=== Saved entries ===
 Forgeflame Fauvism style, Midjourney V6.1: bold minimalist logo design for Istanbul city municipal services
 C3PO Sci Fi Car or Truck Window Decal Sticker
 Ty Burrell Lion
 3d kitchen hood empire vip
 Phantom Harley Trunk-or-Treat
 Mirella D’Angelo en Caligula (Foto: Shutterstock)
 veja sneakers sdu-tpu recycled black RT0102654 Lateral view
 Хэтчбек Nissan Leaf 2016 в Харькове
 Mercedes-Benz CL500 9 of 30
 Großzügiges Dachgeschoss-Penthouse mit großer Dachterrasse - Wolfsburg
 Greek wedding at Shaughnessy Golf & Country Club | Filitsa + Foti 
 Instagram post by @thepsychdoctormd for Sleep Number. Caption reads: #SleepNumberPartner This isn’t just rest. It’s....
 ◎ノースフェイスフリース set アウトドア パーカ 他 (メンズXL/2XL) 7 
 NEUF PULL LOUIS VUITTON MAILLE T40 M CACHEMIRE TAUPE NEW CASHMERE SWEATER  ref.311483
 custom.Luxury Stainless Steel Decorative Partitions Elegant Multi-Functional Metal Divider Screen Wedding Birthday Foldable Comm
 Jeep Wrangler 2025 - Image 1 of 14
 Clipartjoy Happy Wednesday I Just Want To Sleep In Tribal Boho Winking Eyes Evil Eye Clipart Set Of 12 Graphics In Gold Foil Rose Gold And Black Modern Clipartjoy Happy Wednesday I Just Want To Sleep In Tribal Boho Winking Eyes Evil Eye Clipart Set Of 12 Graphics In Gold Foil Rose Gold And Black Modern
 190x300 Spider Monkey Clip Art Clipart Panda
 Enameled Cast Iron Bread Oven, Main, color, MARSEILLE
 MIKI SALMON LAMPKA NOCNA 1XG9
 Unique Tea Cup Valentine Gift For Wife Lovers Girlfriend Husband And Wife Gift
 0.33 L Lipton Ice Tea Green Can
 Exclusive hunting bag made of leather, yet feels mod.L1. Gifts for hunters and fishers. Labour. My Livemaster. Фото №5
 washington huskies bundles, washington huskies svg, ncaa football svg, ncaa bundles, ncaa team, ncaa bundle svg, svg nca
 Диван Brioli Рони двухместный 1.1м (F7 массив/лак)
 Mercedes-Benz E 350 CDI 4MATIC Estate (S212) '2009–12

=== Directions ===
Your answer should consist of the lines from the line with "Phantom Harley Trunk-or-Treat" to the line with "NEUF PULL LOUIS" above, repeated exactly, both ends included.

=== Answer box ===
 Phantom Harley Trunk-or-Treat
 Mirella D’Angelo en Caligula (Foto: Shutterstock)
 veja sneakers sdu-tpu recycled black RT0102654 Lateral view
 Хэтчбек Nissan Leaf 2016 в Харькове
 Mercedes-Benz CL500 9 of 30
 Großzügiges Dachgeschoss-Penthouse mit großer Dachterrasse - Wolfsburg
 Greek wedding at Shaughnessy Golf & Country Club | Filitsa + Foti 
 Instagram post by @thepsychdoctormd for Sleep Number. Caption reads: #SleepNumberPartner This isn’t just rest. It’s....
 ◎ノースフェイスフリース set アウトドア パーカ 他 (メンズXL/2XL) 7 
 NEUF PULL LOUIS VUITTON MAILLE T40 M CACHEMIRE TAUPE NEW CASHMERE SWEATER  ref.311483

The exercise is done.